Défense à travers la presse
• Dans le domaine stratégique, l’événement majeur de cet été, qui s’achève sous le signe de la révolte des travailleurs en Pologne, a été la « Directive présidentielle n° 59 » signée le 25 juillet par l’hôte actuel de la Maison-Blanche – un document qui entérine la stratégie anti-forces, depuis longtemps connue des états-majors mais que la presse a néanmoins présenté comme un virage dans les conceptions américaines en matière de défense.

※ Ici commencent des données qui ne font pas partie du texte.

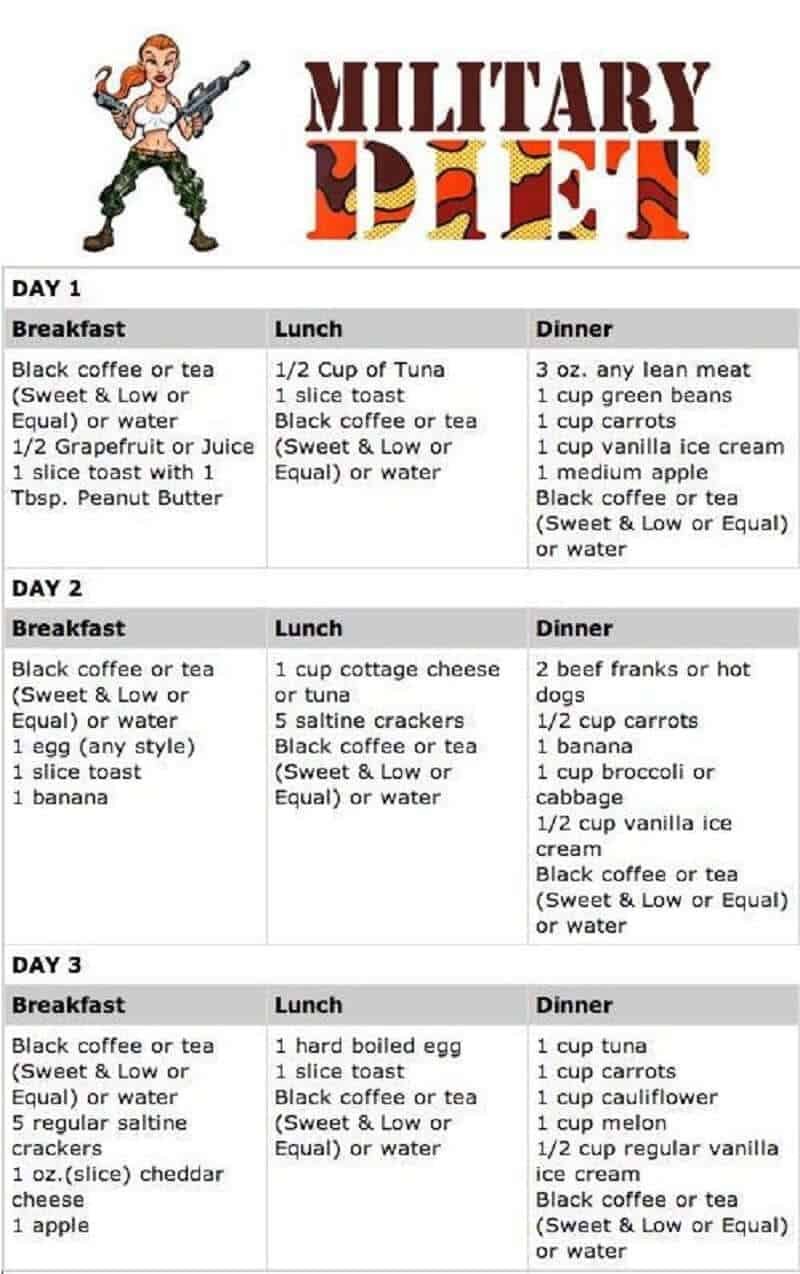 noom vs military diet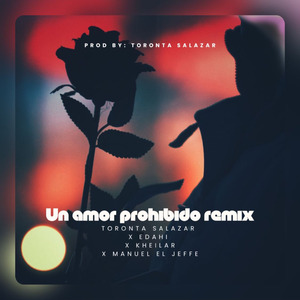 Un Amor Prohibido (Remix)
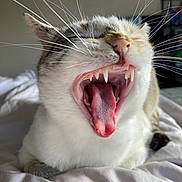 Pepper joined the competition — help win amazing prizes! cat, feline, yawning, open_mouth, fangs, teeth, tongue, whiskers, fur, white_fur, gray_fur, close_up, portrait, animal, pet, indoor, bed, bedding, cozy, funny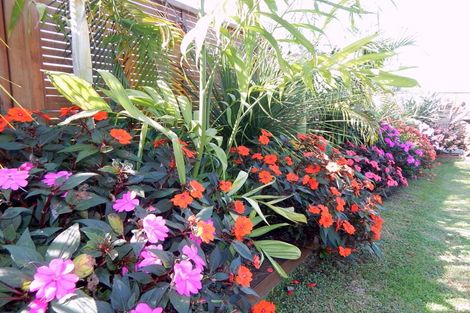 Photo of property in 58 Ranui Avenue, Kerikeri, 0230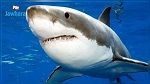 Bizerte : Apparition d'un requin à l’entrée du Vieux port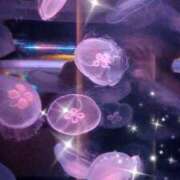 ヒメ日記 2025/08/21 10:34 投稿 ももか 美熟女倶楽部Hip's 春日部店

Jean-François Mongibeaux, dans Le Quotidien de Paris du 16 août va même jusqu’à parler de document explosif et d’une nouvelle stratégie nucléaire à la carte, des appréciations qu’étaye cette analyse : « Les États-Unis viennent de franchir très officiellement un pas décisif qui menace de rendre bientôt la doctrine de la dissuasion parfaitement caduque. Dès les années 1962, le secrétaire à la Défense McNamara, partisan de la fameuse défense flexible, affirmait que la guerre nucléaire pouvait être engagée comme une guerre conventionnelle et gagnée. Une opinion sacrilège vis-à-vis de la doctrine officielle de destruction mutuelle assurée ou MAD. En 1974, James Schlesinger joue aussi les iconoclastes… Il a fallu attendre six ans pour que cette attitude, qui se fonde sur l’incessant développement des armements stratégiques soviétiques effectivement capables d’anéantir l’arsenal nucléaire terrestre américain par une attaque surprise, finisse par triompher à Washington. Six ans de tergiversations politiques et de débats doctrinaux, mais aussi et surtout six ans de progrès technologiques. »
• Ce dernier point est sans doute essentiel, et le général Buis y insiste dans l’article qu’il a publié le 16 août 1980 dans Le Nouvel Observateur. Pour le général Buis, la directive du président Carter semble réorienter la stratégie du plus grand des nucléaires et par là même la conception de la défense de l’Occident tout entier : « En gros, il s’agirait d’abandonner la menace anti-cités, donc la dissuasion, donc la non-guerre, pour la menace d’une guerre spécifique susceptible de détruire l’arme capitale de l’ennemi. Ce serait le passage de l’anti-cités à l’anti-forces. L’évolution est considérable… On doit donc se demander pourquoi, sur une question d’une importance si vitale, Jimmy Carter a effectué un brutal virage et s’est rendu aux raisons de Brzezinski et de Brown. C’est d’abord parce que leurs arguments étaient bons. »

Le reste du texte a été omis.